Importance: Major depressive disorder (MDD) is a heterogeneous clinical syndrome with widespread subtle neuroanatomical correlates. Identifying neuroimaging-based biomarkers might aid in defining the disease-related dimensions that characterize MDD and predict treatment response.
Objective: To investigate the neuroanatomical dimensions that characterize MDD and predict treatment response to selective serotonin reuptake inhibitor (SSRI) antidepressant or placebo.
Design: Big data consortium (COORDINATE-MDD) sharing raw MRI data in first episode and recurrent MDD, deep clinical phenotyping, and state-of-the art machine learning analysis, involving harmonization of multi-center MRI data and the application of semi-supervised machine learning clustering, HYDRA, to regional brain volumes.
Setting: International, multi-center, community-based MDD and healthy controls.
Participants: International sample (N=1384), consisting of medication-free, first episode and recurrent MDD individuals (N=685) in a current depressive episode of moderate to severe intensity, that is not treatment resistant depression, and healthy controls (N=699). Prospective longitudinal treatment response data were available in a subset of MDD individuals (N=359 MDD). Treatments were SSRI antidepressant medication (escitalopram, citalopram, sertraline) or placebo. Treatment duration was 6-8 weeks, and symptom severity was measured by clinician-rated scales.
Main outcomes: First episode and recurrent MDD is optimally characterized by two neuroanatomical dimensions, which show distinct treatment effects to placebo and SSRI antidepressant medications.

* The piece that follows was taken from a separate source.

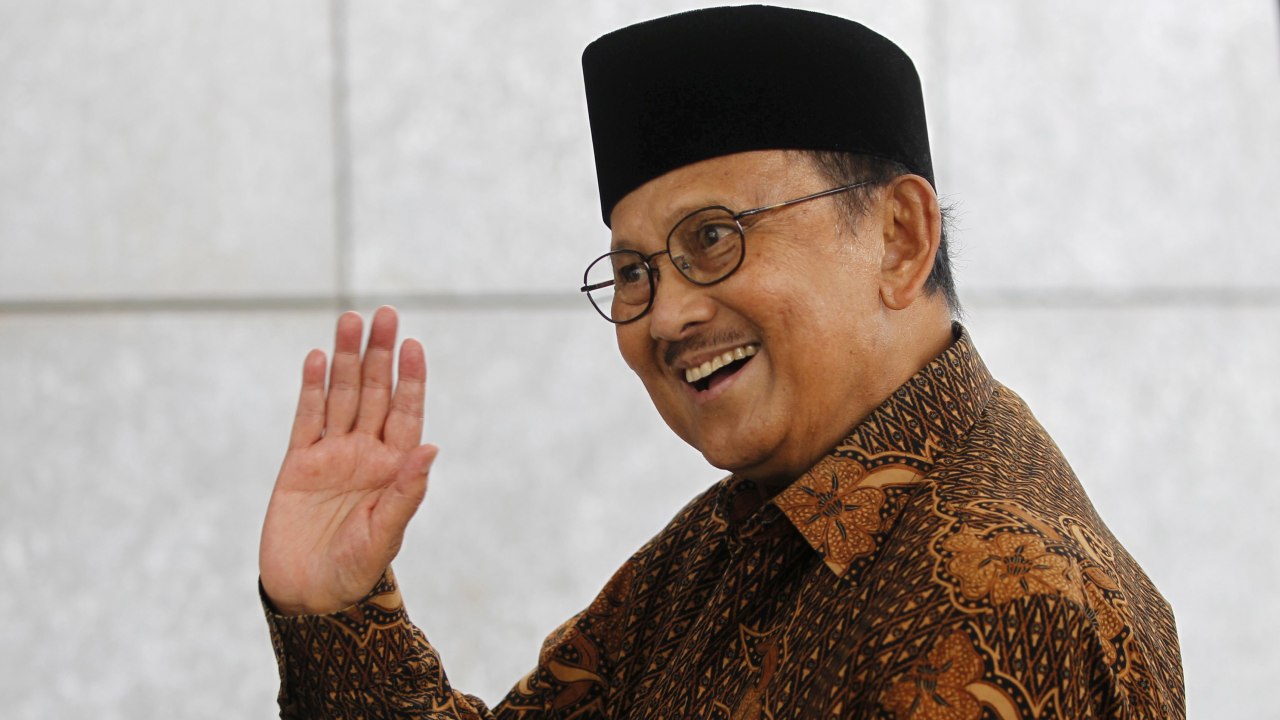 BJ Habibie Meninggal, BJ Habibie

Results: Dimension 1 is characterized by preserved gray and white matter (N=290 MDD), whereas Dimension 2 is characterized by widespread subtle reductions in gray and white matter (N=395 MDD) relative to healthy controls. There are no significant differences in age of onset, years of illness, number of episodes, or duration of current episode between dimensions, but there is a significant dimension by treatment response interaction effect. Dimension 1 shows a significant decrease in depressive symptoms following treatment with SSRI medication (51.1%) but limited changes following placebo (28.6%), whereas Dimension 2 shows a comparable improvement to either SSRI (46.9%) or placebo (42.2%) (β=-18.3, 95% CI (-0.34 to -0.2), p=0.03).
Conclusions and Relevance: Neuroimaging-based markers may aid in characterizing the MDD dimensions that predict treatment response. In an iterative process, we can characterize the disease-based dimensions that comprise MDD.